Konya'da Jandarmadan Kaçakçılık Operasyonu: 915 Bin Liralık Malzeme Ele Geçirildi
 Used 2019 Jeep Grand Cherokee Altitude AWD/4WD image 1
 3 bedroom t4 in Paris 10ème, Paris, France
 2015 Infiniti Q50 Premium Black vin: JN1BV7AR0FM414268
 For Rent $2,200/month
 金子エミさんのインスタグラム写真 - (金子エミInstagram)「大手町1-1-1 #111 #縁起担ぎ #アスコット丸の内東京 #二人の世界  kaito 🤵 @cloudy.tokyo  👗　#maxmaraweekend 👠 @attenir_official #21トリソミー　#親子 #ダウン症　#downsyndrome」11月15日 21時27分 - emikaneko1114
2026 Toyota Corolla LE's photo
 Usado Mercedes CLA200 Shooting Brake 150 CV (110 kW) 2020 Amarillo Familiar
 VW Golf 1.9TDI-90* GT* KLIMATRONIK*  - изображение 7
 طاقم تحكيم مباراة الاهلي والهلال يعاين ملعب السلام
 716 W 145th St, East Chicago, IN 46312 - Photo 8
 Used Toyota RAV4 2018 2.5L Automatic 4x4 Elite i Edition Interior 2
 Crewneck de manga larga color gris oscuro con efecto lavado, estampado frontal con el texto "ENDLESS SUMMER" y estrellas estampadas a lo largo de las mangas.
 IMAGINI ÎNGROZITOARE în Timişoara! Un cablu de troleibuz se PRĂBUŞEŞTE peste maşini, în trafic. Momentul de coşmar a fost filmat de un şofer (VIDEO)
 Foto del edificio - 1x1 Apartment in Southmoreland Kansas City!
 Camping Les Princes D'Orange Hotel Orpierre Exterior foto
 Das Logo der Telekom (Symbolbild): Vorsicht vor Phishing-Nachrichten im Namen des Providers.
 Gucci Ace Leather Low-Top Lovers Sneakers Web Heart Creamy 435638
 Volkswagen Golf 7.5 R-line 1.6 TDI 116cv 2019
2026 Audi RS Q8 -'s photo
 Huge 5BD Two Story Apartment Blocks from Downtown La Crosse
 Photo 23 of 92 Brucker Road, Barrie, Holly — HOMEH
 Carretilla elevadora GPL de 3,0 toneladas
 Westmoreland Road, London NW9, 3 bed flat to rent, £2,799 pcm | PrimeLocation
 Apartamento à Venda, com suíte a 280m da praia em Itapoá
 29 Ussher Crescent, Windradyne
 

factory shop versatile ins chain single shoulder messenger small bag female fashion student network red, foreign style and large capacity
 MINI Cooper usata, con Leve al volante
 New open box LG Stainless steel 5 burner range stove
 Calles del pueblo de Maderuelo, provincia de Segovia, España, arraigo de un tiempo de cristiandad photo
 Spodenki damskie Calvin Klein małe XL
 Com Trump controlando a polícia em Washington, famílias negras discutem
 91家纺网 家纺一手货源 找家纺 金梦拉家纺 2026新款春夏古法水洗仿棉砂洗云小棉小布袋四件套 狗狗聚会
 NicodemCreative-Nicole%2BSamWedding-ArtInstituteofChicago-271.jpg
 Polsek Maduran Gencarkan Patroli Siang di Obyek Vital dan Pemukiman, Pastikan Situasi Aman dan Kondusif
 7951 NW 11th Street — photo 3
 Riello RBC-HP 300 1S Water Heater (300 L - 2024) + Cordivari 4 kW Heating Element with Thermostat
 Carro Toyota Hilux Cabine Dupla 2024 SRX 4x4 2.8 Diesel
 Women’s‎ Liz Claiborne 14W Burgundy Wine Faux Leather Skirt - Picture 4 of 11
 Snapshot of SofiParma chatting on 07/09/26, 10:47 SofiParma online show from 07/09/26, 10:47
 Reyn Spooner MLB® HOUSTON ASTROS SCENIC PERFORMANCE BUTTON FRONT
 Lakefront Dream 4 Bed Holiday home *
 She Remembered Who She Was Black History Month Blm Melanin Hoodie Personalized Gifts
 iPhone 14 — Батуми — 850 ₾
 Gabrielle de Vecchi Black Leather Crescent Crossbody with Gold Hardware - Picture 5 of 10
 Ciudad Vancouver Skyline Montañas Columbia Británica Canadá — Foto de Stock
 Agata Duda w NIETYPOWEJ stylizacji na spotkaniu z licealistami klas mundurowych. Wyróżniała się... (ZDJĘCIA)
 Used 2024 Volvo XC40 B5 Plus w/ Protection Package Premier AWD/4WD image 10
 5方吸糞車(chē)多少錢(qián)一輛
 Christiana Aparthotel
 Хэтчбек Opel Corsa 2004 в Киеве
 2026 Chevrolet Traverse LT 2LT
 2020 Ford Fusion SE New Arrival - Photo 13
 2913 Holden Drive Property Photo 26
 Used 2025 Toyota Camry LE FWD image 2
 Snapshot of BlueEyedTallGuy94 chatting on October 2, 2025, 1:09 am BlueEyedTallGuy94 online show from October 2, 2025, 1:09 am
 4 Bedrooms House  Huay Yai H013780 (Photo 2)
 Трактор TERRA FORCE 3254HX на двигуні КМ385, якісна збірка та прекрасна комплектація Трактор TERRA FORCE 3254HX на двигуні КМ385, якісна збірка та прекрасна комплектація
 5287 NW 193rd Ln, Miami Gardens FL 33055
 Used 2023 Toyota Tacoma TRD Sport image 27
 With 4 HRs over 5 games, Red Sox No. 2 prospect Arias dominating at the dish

== The problem ==
Copy each of the records above so that nothing differs from the original.

== Answer for this exercise ==
Konya'da Jandarmadan Kaçakçılık Operasyonu: 915 Bin Liralık Malzeme Ele Geçirildi
 Used 2019 Jeep Grand Cherokee Altitude AWD/4WD image 1
 3 bedroom t4 in Paris 10ème, Paris, France
 2015 Infiniti Q50 Premium Black vin: JN1BV7AR0FM414268
 For Rent $2,200/month
 金子エミさんのインスタグラム写真 - (金子エミInstagram)「大手町1-1-1 #111 #縁起担ぎ #アスコット丸の内東京 #二人の世界  kaito 🤵 @cloudy.tokyo  👗　#maxmaraweekend 👠 @attenir_official #21トリソミー　#親子 #ダウン症　#downsyndrome」11月15日 21時27分 - emikaneko1114
2026 Toyota Corolla LE's photo
 Usado Mercedes CLA200 Shooting Brake 150 CV (110 kW) 2020 Amarillo Familiar
 VW Golf 1.9TDI-90* GT* KLIMATRONIK*  - изображение 7
 طاقم تحكيم مباراة الاهلي والهلال يعاين ملعب السلام
 716 W 145th St, East Chicago, IN 46312 - Photo 8
 Used Toyota RAV4 2018 2.5L Automatic 4x4 Elite i Edition Interior 2
 Crewneck de manga larga color gris oscuro con efecto lavado, estampado frontal con el texto "ENDLESS SUMMER" y estrellas estampadas a lo largo de las mangas.
 IMAGINI ÎNGROZITOARE în Timişoara! Un cablu de troleibuz se PRĂBUŞEŞTE peste maşini, în trafic. Momentul de coşmar a fost filmat de un şofer (VIDEO)
 Foto del edificio - 1x1 Apartment in Southmoreland Kansas City!
 Camping Les Princes D'Orange Hotel Orpierre Exterior foto
 Das Logo der Telekom (Symbolbild): Vorsicht vor Phishing-Nachrichten im Namen des Providers.
 Gucci Ace Leather Low-Top Lovers Sneakers Web Heart Creamy 435638
 Volkswagen Golf 7.5 R-line 1.6 TDI 116cv 2019
2026 Audi RS Q8 -'s photo
 Huge 5BD Two Story Apartment Blocks from Downtown La Crosse
 Photo 23 of 92 Brucker Road, Barrie, Holly — HOMEH
 Carretilla elevadora GPL de 3,0 toneladas
 Westmoreland Road, London NW9, 3 bed flat to rent, £2,799 pcm | PrimeLocation
 Apartamento à Venda, com suíte a 280m da praia em Itapoá
 29 Ussher Crescent, Windradyne
 

factory shop versatile ins chain single shoulder messenger small bag female fashion student network red, foreign style and large capacity
 MINI Cooper usata, con Leve al volante
 New open box LG Stainless steel 5 burner range stove
 Calles del pueblo de Maderuelo, provincia de Segovia, España, arraigo de un tiempo de cristiandad photo
 Spodenki damskie Calvin Klein małe XL
 Com Trump controlando a polícia em Washington, famílias negras discutem
 91家纺网 家纺一手货源 找家纺 金梦拉家纺 2026新款春夏古法水洗仿棉砂洗云小棉小布袋四件套 狗狗聚会
 NicodemCreative-Nicole%2BSamWedding-ArtInstituteofChicago-271.jpg
 Polsek Maduran Gencarkan Patroli Siang di Obyek Vital dan Pemukiman, Pastikan Situasi Aman dan Kondusif
 7951 NW 11th Street — photo 3
 Riello RBC-HP 300 1S Water Heater (300 L - 2024) + Cordivari 4 kW Heating Element with Thermostat
 Carro Toyota Hilux Cabine Dupla 2024 SRX 4x4 2.8 Diesel
 Women’s‎ Liz Claiborne 14W Burgundy Wine Faux Leather Skirt - Picture 4 of 11
 Snapshot of SofiParma chatting on 07/09/26, 10:47 SofiParma online show from 07/09/26, 10:47
 Reyn Spooner MLB® HOUSTON ASTROS SCENIC PERFORMANCE BUTTON FRONT
 Lakefront Dream 4 Bed Holiday home *
 She Remembered Who She Was Black History Month Blm Melanin Hoodie Personalized Gifts
 iPhone 14 — Батуми — 850 ₾
 Gabrielle de Vecchi Black Leather Crescent Crossbody with Gold Hardware - Picture 5 of 10
 Ciudad Vancouver Skyline Montañas Columbia Británica Canadá — Foto de Stock
 Agata Duda w NIETYPOWEJ stylizacji na spotkaniu z licealistami klas mundurowych. Wyróżniała się... (ZDJĘCIA)
 Used 2024 Volvo XC40 B5 Plus w/ Protection Package Premier AWD/4WD image 10
 5方吸糞車(chē)多少錢(qián)一輛
 Christiana Aparthotel
 Хэтчбек Opel Corsa 2004 в Киеве
 2026 Chevrolet Traverse LT 2LT
 2020 Ford Fusion SE New Arrival - Photo 13
 2913 Holden Drive Property Photo 26
 Used 2025 Toyota Camry LE FWD image 2
 Snapshot of BlueEyedTallGuy94 chatting on October 2, 2025, 1:09 am BlueEyedTallGuy94 online show from October 2, 2025, 1:09 am
 4 Bedrooms House  Huay Yai H013780 (Photo 2)
 Трактор TERRA FORCE 3254HX на двигуні КМ385, якісна збірка та прекрасна комплектація Трактор TERRA FORCE 3254HX на двигуні КМ385, якісна збірка та прекрасна комплектація
 5287 NW 193rd Ln, Miami Gardens FL 33055
 Used 2023 Toyota Tacoma TRD Sport image 27
 With 4 HRs over 5 games, Red Sox No. 2 prospect Arias dominating at the dish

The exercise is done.